Figure 7. Comparative identification of a low density population surrounded by much denser populations in the stem cell data set. (ac) SamSPECTRAL correctly identified the blue, low density population, while (df) flowMerge merged it to the yellow, high density population. (gi) FLAME merged it to the red population. (jl) The outcome of our modified MCL was similar to that obtained by SamSPECTRAL using classic spectral clustering. This shows that SamSPECTRAL is extensible by substituting classic spectral clustering with other clustering algorithms for weighted graph.
5. Rare populations comprising less than 2% of all data points (Figure 8).
Figure 8. Rare population in the stem cell data set. (ac) This is a typical sample from the stem cell data set that contains a rare population. In these three dimensional plots, the red dots represent the cells that are positive for all three markers. Only 23/9721 (0.24%) events belong to this population in this sample.
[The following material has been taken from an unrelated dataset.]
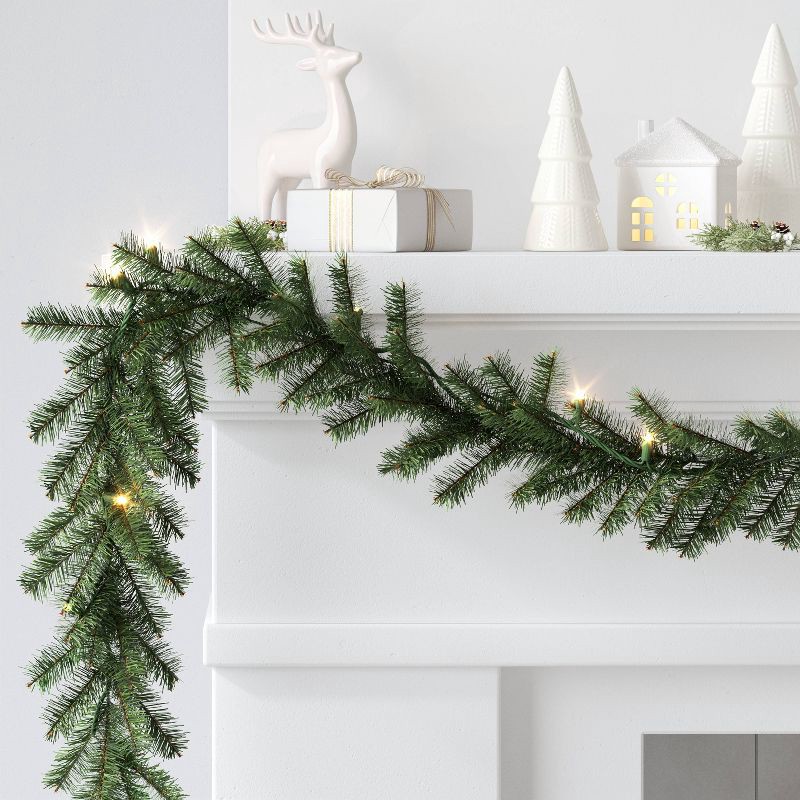 slide 2 of 4, 9' Christmas Pre-Lit Artificial Pine Bough Garland Green with LED Lights - Wondershop™, 1 ct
SamSPECTRAL could properly identify the rare population in 27/34 (79.4%) samples from the stem cell data set.
Here, we demonstrate the capabilities of SamSPECTRAL in identifying biological populations in these cases and compare our results with two state of the art methods for clustering flow cytometry data, flowMerge (version 0.4.1) and FLAME (version 3), respectively obtained through BioConductor and GenePattern.
Overlapping Populations
Traditionally, identifying cell populations in flow cytometry data is accomplished by visualizing the multidimensional data as a series of bivariate plots, and separating interesting sections manually, in a process termed gating. Gating becomes challenging for high dimensional data since when the data is mapped to two dimensions, some clusters may overlap, resulting in the mixing of different populations. Consequently, even a trained operator cannot identify overlapping populations properly in all cases. However, our algorithm prevents this undesired error by considering all data dimensions together (Figure 4ac). Model based multidimensional techniques also perform generally well in this regard.
Subpopulations of a Population
Figure 4df shows a major blood population (granulocytes) formed from two distinct subpopulations as verified by expert manual analysis. SamSPECTRAL could clearly distinguish between two subpopulations. flowMerge merged these two populations into one, while FLAME split both subpopulations.
Nonelliptical Shaped Populations
While most model based techniques have a priori assumptions on the shape of populations that resulted in mixing or splitting populations, our method worked relatively well on the samples with arbitrary shape populations. In Figure 5, the PI positive population (blue diagonal one) was clearly identified despite its nonelliptical shape. flowMerge could also distinguish this population, but it incorrectly split the PI negative population into two parts. FLAME did not correctly distinguish the two populations. Figure 6ac shows the output of the three algorithms on a four dimensional sample from GvHD dataset. While the red population has a complex shape, it could be identified with high accuracy by SamSPECTRAL. While FLAME produced a satisfactory result, flowMerge mixed this population with the one below it.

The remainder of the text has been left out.